- _DATA LISTING_
#####

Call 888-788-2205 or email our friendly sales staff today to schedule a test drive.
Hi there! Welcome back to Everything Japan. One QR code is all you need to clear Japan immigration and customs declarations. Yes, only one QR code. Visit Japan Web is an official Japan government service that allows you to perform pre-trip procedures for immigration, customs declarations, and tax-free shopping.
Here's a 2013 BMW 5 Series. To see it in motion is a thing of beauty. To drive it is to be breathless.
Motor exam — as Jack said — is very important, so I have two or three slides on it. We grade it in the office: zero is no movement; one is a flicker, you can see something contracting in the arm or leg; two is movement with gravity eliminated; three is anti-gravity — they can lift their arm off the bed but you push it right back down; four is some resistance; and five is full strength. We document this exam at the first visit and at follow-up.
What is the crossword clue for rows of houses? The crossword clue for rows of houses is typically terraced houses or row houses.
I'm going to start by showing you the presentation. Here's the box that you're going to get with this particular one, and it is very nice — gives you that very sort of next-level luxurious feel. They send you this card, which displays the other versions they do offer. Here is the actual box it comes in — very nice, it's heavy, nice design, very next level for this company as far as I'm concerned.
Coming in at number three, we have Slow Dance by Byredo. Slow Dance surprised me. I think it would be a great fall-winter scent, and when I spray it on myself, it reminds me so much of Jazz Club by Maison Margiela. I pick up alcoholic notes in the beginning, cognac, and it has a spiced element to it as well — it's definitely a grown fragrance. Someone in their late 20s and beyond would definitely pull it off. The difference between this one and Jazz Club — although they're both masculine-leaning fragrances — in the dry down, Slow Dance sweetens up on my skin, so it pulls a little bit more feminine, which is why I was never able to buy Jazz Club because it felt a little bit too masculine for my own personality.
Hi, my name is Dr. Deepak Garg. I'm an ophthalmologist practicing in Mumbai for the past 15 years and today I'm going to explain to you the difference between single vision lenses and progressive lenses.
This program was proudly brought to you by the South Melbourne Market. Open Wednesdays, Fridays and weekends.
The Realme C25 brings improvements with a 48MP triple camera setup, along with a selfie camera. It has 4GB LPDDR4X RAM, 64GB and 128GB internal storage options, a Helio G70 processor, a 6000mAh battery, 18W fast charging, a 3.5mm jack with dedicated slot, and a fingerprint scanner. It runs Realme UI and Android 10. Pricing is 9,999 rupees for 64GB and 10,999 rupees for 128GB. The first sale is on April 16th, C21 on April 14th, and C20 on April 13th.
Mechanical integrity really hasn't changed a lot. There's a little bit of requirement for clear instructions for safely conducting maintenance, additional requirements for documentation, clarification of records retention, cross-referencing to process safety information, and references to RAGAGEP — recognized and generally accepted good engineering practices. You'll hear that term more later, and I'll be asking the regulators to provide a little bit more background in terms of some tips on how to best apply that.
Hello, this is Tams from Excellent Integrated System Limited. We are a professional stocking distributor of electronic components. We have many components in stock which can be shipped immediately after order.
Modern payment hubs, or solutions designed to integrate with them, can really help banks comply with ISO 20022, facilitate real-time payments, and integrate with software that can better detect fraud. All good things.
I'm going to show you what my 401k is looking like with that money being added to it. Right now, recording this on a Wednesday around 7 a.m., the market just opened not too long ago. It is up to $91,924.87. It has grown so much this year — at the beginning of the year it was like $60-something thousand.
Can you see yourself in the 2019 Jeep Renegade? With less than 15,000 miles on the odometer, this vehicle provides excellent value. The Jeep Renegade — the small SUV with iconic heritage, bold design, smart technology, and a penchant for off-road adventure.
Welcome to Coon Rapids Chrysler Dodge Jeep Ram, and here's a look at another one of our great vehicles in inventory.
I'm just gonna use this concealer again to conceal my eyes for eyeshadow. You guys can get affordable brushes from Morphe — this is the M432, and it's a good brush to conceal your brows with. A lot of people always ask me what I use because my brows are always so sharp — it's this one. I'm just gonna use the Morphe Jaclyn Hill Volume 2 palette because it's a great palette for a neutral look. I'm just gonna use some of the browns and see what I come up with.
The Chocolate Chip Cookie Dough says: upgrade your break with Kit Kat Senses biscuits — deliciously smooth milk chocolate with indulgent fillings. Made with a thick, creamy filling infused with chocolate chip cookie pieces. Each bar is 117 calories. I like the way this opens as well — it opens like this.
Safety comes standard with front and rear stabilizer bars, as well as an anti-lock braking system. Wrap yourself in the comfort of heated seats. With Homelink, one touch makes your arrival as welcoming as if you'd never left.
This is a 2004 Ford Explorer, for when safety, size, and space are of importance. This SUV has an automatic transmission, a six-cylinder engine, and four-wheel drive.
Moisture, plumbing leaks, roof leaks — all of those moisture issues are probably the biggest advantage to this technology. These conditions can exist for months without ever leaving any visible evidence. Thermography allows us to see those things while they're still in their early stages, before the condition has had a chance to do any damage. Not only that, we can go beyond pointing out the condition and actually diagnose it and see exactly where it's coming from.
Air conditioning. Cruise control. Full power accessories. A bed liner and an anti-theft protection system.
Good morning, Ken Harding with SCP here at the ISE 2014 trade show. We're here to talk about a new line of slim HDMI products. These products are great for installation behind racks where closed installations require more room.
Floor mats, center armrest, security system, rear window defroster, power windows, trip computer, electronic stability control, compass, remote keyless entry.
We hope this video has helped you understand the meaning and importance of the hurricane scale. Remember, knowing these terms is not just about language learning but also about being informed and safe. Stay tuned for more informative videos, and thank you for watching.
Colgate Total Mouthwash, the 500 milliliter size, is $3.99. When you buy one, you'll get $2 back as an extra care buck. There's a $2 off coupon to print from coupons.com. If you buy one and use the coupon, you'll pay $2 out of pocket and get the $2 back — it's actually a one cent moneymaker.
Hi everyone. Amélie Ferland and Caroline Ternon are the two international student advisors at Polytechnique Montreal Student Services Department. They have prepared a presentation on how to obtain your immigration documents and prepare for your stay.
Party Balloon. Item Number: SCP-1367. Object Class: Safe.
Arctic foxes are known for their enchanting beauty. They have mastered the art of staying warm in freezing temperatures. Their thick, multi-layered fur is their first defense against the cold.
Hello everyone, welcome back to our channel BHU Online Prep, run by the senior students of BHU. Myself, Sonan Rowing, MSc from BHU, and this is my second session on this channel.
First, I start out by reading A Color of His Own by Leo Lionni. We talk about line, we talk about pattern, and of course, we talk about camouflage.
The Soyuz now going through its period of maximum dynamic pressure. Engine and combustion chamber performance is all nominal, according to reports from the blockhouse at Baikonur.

#####

- _WHAT TO PRODUCE_
Given the data above, which lines hold the string "about"? Return them.

- _OUTPUT OF THE EXERCISE_
Good morning, Ken Harding with SCP here at the ISE 2014 trade show. We're here to talk about a new line of slim HDMI products. These products are great for installation behind racks where closed installations require more room.
We hope this video has helped you understand the meaning and importance of the hurricane scale. Remember, knowing these terms is not just about language learning but also about being informed and safe. Stay tuned for more informative videos, and thank you for watching.
First, I start out by reading A Color of His Own by Leo Lionni. We talk about line, we talk about pattern, and of course, we talk about camouflage.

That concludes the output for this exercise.